The nine U.S. Army master gunner courses eligible to award the MGIB to its graduates are:
- Field Artillery Master Gunnery Course
- Master Gunnery–M1/M1A1 Abrams Course
- Infantry fighting vehicle Master Gunner Course
- Avenger Master Gunner Course
- M1A2 Abrams System Enhancement Package (SEP) Master Gunner Course
- Stryker Master Gunner Course
- Patriot Master Gunner Course
- Aviation Master Gunner Course
- SGT STOUT (M-SHORAD) Master Gunner Course

==Badge design==
The final design of the MGIB was officially approved by the United States Army Institute of Heraldry (TIOH) on 31 January 2019 but was awarded to the first graduating classes of key U.S. Army fires schools on 8 January 2018. According to the NCO Journal, the MGIB was designed to recognize both the schools and different U.S. Army branch histories with gunnery:

A laurel wreath will represent victory of the maneuver force, a symbol of victory since ancient Greek mythology featured the god Apollo wearing a laurel wreath around his head.

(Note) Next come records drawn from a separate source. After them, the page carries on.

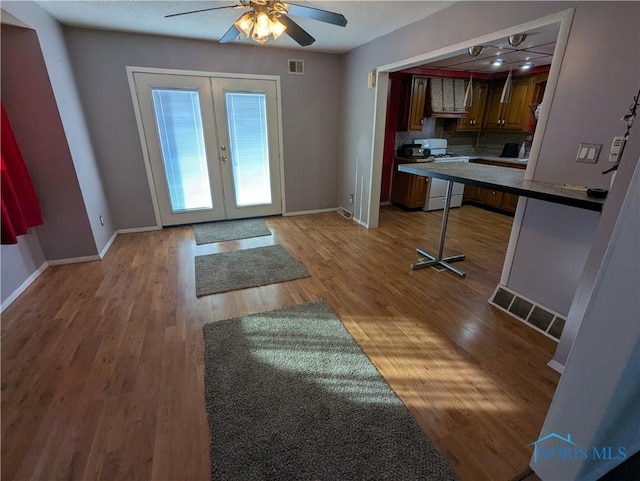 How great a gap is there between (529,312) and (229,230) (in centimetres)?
350

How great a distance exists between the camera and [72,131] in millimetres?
2955

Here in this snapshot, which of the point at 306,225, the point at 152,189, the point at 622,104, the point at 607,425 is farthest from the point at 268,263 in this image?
the point at 622,104

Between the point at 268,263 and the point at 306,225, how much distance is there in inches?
53.8

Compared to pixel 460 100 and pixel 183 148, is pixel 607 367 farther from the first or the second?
pixel 460 100

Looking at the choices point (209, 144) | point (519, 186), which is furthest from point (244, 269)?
point (519, 186)

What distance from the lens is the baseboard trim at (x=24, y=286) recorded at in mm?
2367

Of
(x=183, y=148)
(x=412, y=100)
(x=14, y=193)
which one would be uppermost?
(x=412, y=100)

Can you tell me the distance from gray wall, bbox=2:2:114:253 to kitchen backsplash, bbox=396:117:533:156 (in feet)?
15.2

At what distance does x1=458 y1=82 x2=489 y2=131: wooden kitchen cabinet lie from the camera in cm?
526

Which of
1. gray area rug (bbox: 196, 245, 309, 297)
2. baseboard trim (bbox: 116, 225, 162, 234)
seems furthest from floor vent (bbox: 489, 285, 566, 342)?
baseboard trim (bbox: 116, 225, 162, 234)

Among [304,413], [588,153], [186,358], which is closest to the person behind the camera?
[304,413]

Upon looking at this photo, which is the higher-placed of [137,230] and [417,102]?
[417,102]

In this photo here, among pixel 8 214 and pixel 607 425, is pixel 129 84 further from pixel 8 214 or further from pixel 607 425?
pixel 607 425

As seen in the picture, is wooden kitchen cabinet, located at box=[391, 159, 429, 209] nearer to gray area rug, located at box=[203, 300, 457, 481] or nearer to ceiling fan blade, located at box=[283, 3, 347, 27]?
ceiling fan blade, located at box=[283, 3, 347, 27]
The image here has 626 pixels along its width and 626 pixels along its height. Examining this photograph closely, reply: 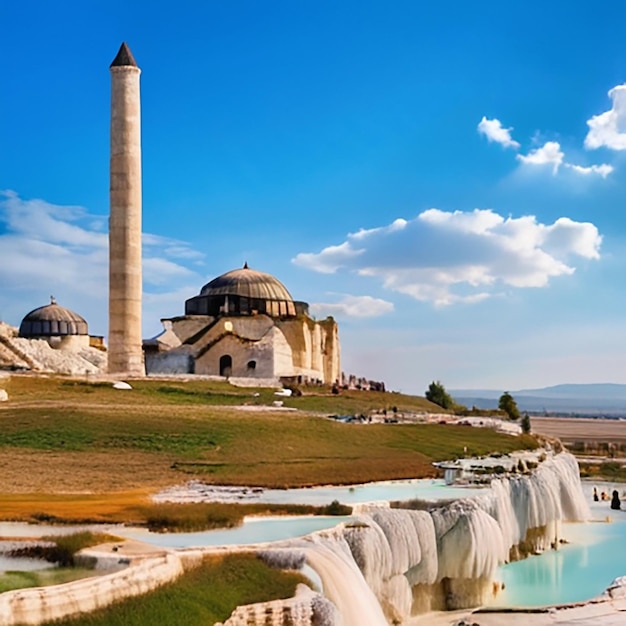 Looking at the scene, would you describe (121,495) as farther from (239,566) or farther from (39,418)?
(39,418)

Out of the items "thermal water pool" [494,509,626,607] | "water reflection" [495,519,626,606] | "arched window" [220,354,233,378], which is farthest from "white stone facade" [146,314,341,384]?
"water reflection" [495,519,626,606]

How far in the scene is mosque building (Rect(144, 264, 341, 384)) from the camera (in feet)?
220

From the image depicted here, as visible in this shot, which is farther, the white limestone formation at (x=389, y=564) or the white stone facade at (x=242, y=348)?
the white stone facade at (x=242, y=348)

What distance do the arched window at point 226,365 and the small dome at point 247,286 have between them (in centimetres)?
893

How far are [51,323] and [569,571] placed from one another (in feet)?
180

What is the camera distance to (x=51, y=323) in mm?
74562

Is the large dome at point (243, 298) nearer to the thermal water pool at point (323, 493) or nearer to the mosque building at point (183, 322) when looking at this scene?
the mosque building at point (183, 322)

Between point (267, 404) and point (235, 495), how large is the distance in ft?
76.1

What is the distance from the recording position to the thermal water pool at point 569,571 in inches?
934

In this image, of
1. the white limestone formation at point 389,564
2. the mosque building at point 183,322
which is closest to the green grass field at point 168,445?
the white limestone formation at point 389,564

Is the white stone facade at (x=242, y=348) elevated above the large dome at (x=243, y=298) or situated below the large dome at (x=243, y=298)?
below

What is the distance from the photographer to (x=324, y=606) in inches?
566

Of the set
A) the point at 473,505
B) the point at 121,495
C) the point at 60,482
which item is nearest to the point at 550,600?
the point at 473,505

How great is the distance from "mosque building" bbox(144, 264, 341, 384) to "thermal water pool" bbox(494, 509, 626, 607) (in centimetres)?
3104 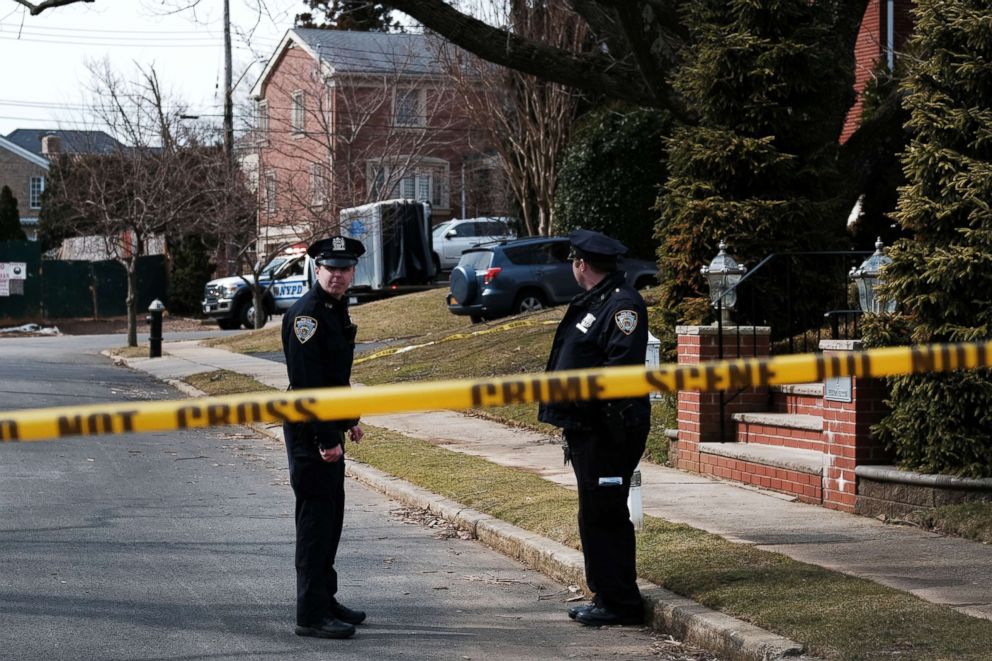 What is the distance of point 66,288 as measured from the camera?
42.8 meters

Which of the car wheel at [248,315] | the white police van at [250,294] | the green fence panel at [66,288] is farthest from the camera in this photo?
the green fence panel at [66,288]

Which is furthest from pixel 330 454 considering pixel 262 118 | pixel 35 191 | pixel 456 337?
pixel 35 191

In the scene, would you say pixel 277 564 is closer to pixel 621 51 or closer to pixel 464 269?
pixel 621 51

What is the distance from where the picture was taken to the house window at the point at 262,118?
37.1 meters

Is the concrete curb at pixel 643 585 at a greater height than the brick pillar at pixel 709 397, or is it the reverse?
the brick pillar at pixel 709 397

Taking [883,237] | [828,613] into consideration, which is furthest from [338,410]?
[883,237]

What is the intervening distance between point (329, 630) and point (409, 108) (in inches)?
1228

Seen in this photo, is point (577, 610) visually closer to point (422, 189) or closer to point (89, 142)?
point (89, 142)

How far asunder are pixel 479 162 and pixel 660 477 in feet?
110

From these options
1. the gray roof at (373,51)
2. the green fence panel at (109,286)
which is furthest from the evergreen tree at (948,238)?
the green fence panel at (109,286)

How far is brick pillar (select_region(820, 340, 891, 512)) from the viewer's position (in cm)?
886

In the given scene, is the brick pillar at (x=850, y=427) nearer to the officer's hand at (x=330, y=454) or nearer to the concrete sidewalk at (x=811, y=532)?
the concrete sidewalk at (x=811, y=532)

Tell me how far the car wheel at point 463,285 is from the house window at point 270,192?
9958 millimetres

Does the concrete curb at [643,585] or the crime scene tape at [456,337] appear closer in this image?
the concrete curb at [643,585] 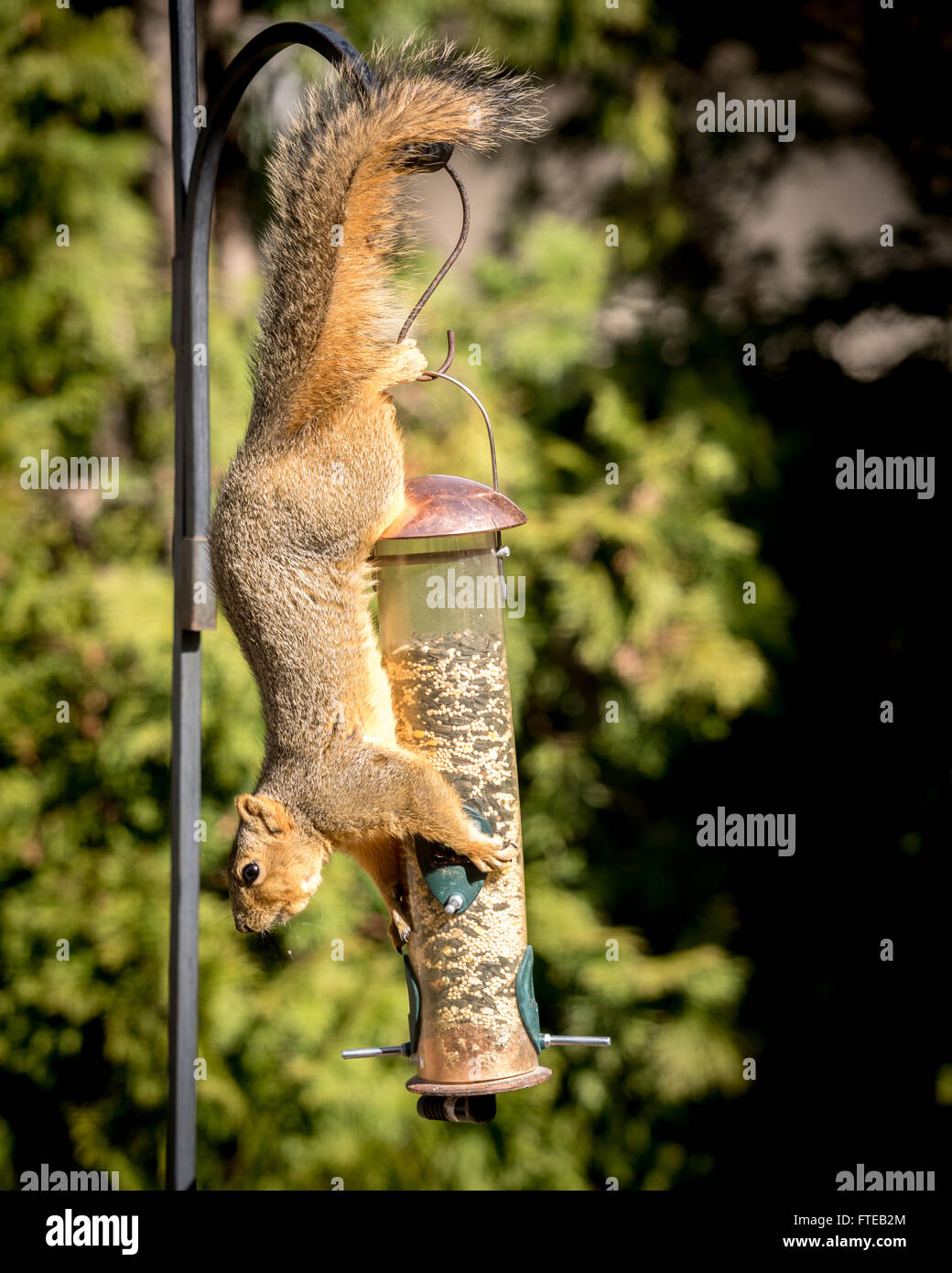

Inside the wreath, a sabre will highlight the Armor Branch, a symbol since 1851 adopted after the American Civil War when the mounted cavalry had great success on the battlefield swinging the curved, 36 in long, single-edged blade.

The 1795 model Springfield musket will honor the Infantry Branch, a symbol of the first official model of musket originally built at the Springfield Armory in Massachusetts.

The crossed 19th-century-style cannon will continue to symbolize the Field Artillery Branch just as it has since 1834, when individual field artilleryman wore the insignia on their cap.

The missile in the center will represent the Air Defense Artillery Branch, just as it has for 50 years when they adopted the Field Artillery cross-cannons and added a missile, evolving from the Coast Artillery Corps whose insignia featured cross-cannons with a projectile in the center.

The approved design of the MGIB comes in three versions: regular size, regular size–subdued (both at 3 in), and a miniature version (at 1.5 in). The non-subdued version is made of polished nickel silver with a scroll at its base covered in a black textured epoxy.